Energy: Crude lost 4% to close at its lowest level in nearly months. At this juncture we're likely close to an inflection point but trying to time this reversal is not a game I want to play. I would exit all longs or seriously cut exposure until there is clear evidence of an interim bottom. RBOB broke support and appears lower ground is likely. At this juncture $2.40 appears in the cards on the August contract. Heating oil lost the least when compared to other products but there was still a break down and if the whole complex is losing value this will likely follow suit. If $2.57 breaks look out below. Some of my guys have some hedges on but would not look to add to their position until futures are back over $2.70 and in fact may scale down on a further loss ... stay tuned. A potential triple top is seen on the daily natural gas chart and without further upside very soon we should see some back and fill which should be viewed as a buying opportunity in my opinion. A 7-10% correction would be a 50% Fib retracement on the last leg.
Stock Indices: After a whole lot of noise the stock market closed virtually unchanged on the session. As of this week we've completed a 61.8% Fib retracement and though we may see slight probes higher my take is that a leg higher will be met with selling and we will reverse and start heading south again very shortly. I'd expect the S&P futures to find their way back near 1300 and the Dow near 12300. If we cannot muster a bounce with the help of the Fed and considering the outside markets weakness is around the bend.

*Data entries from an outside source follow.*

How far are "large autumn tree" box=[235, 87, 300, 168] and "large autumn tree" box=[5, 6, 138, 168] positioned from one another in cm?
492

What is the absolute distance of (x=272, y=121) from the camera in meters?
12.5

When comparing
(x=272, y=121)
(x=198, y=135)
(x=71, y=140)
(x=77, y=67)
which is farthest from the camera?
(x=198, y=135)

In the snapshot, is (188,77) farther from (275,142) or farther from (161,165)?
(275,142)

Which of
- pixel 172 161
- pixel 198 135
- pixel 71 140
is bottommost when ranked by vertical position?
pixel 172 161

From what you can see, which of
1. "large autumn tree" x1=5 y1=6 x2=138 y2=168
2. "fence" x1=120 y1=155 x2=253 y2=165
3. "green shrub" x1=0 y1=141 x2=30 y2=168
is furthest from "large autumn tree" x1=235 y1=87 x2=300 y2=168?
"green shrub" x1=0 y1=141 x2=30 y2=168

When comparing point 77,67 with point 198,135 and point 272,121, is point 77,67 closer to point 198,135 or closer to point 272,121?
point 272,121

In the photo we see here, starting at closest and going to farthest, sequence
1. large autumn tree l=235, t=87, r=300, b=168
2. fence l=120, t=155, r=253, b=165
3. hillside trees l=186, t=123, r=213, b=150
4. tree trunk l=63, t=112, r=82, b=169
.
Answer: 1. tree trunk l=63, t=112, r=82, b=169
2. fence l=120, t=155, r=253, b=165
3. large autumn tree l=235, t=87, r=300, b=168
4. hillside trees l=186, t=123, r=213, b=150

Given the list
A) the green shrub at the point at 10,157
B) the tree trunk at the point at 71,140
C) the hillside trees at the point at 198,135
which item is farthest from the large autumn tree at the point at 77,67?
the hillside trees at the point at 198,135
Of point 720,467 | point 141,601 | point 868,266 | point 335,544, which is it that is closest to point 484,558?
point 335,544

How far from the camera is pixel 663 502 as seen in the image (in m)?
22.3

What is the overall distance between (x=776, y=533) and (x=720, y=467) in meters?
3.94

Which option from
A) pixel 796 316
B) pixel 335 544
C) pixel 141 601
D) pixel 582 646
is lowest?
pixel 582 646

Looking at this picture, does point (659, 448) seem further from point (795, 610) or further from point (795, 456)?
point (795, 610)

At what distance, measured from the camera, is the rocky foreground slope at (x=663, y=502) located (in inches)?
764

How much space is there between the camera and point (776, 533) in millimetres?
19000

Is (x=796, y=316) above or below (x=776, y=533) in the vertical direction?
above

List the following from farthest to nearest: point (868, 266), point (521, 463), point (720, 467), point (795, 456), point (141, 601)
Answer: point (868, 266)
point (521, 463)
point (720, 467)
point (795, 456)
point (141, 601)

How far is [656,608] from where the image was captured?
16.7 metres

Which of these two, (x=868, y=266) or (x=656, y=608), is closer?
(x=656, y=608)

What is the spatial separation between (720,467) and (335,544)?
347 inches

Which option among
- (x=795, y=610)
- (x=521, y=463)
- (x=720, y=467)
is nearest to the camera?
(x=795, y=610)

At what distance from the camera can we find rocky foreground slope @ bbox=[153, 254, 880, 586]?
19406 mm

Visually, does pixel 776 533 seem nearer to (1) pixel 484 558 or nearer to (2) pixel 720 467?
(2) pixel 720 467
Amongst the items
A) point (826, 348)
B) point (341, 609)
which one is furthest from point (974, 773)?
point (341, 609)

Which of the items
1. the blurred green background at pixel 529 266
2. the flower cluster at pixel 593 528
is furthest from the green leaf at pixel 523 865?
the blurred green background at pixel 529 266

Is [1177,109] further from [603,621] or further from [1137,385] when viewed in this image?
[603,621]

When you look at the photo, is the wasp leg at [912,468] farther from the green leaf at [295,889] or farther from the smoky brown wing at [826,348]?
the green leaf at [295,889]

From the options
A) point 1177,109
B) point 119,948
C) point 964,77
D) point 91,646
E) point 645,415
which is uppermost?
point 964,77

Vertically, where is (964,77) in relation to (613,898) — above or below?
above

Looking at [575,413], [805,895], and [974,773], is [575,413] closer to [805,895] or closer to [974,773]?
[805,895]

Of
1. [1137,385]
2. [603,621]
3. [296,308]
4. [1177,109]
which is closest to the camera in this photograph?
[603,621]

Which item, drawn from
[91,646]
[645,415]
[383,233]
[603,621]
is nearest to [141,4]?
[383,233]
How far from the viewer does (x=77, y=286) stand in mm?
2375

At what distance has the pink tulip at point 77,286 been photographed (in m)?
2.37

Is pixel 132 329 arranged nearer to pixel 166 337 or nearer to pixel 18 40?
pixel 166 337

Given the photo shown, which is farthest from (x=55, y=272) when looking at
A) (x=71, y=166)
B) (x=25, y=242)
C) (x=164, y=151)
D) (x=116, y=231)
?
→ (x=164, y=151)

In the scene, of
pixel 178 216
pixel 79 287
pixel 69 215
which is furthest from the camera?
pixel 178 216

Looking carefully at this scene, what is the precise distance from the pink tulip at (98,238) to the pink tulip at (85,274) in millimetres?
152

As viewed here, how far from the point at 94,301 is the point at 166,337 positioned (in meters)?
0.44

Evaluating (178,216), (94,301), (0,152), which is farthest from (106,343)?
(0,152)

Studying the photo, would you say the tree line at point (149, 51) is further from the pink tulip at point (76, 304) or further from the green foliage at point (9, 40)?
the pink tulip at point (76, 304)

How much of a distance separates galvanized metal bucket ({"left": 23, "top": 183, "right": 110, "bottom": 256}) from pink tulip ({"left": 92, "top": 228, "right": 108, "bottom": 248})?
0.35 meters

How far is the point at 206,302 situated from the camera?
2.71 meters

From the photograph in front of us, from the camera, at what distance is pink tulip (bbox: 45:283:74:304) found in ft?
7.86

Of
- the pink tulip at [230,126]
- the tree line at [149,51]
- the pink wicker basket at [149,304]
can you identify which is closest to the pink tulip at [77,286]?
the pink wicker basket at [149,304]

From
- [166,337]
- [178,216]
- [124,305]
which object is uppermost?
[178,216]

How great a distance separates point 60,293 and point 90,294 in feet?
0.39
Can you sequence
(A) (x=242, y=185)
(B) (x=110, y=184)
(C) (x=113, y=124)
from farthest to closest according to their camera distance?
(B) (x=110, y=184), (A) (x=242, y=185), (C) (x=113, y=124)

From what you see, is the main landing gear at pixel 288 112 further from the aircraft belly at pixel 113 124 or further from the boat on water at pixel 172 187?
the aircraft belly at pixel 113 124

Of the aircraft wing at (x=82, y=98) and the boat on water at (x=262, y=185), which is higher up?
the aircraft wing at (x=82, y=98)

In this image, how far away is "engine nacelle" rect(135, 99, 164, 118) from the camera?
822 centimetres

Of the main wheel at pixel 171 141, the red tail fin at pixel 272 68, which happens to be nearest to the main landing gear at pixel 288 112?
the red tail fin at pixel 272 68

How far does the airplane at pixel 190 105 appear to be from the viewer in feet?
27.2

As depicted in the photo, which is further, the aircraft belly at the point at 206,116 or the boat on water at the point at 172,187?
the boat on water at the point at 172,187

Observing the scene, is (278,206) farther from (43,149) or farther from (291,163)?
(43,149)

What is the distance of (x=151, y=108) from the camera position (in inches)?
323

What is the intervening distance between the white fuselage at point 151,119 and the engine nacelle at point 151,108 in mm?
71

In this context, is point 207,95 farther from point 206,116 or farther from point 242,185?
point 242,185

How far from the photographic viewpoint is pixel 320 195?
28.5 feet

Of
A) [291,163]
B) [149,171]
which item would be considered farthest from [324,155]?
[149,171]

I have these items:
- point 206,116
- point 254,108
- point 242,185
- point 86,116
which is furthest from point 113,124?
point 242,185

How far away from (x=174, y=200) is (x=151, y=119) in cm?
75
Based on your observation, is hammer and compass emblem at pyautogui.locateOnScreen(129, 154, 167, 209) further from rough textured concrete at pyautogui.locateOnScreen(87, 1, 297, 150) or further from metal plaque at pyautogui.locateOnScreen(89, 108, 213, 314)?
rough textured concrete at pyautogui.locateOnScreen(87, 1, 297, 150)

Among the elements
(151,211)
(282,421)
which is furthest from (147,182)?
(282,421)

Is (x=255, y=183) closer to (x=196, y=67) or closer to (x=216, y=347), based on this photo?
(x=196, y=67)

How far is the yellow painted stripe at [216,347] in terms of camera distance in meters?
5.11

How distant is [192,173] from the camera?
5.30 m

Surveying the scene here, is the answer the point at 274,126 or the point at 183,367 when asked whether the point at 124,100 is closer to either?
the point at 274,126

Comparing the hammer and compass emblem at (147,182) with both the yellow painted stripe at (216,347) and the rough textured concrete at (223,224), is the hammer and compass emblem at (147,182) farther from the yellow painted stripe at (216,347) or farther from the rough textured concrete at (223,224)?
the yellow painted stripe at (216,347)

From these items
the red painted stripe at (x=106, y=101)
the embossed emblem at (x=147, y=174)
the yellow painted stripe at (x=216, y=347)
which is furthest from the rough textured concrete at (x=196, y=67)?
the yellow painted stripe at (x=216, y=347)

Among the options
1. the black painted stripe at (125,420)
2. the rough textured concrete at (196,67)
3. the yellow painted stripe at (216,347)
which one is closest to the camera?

Metals: Gold lost 1% closing lower for the third consecutive session dragging prices back under a critical pivot point; the 50 day MA at $1615. Unless prices retake that level I think we see a grind lower. Support is eyed in August futures at $1,586 followed by $1,560. July silver traded under $28/ounce but was able to pare losses and close just above that level. Weakness in the immediate future looks likely as a trade under $28 would likely lead to $27.
Softs: Cocoa failed at the 50 day MA again giving up 3% today. A trade lower looks likely as I am targeting 2100 in September ... trade accordingly. October sugar is higher by nearly 1% closing above the 50 day MA for the first time since mid-April. The near 8% appreciation in the last week could just be the beginning as I think we see further appreciation. Cotton lost ground for the first time in 6 sessions but I think we're just taking a breath as my target for December remains 77 cents. Orange juice challenged the 50 day MA, a level that has served as resistance since March. Bargain hunters could have back ratio spreads as an inexpensive way to play further upside.
Treasuries: 30-year bonds and 10-year notes lost ground today and yesterday and prices are below their 9 day and 20 day MA are on the verge of crossing. Aggressive traders could have short futures with stops above the MAs, NOB spreads or be long put options as I think we see at least a 2-3% breakdown short-term.
Livestock: Live cattle have been sideways for the last three sessions but as I've stated I'm looking for another leg lower before exploring trading options. Feeder cattle are lower by 4.5% in the last week as prices are currently trading at seven week lows. More downside is expected and I would not rule out a challenge of the April lows approximately 2.25% lower. Lean hogs should continue to fall off as 80.00 in October remains my target. Traders in the market should trail stops just above the 9 day MA on a closing basis.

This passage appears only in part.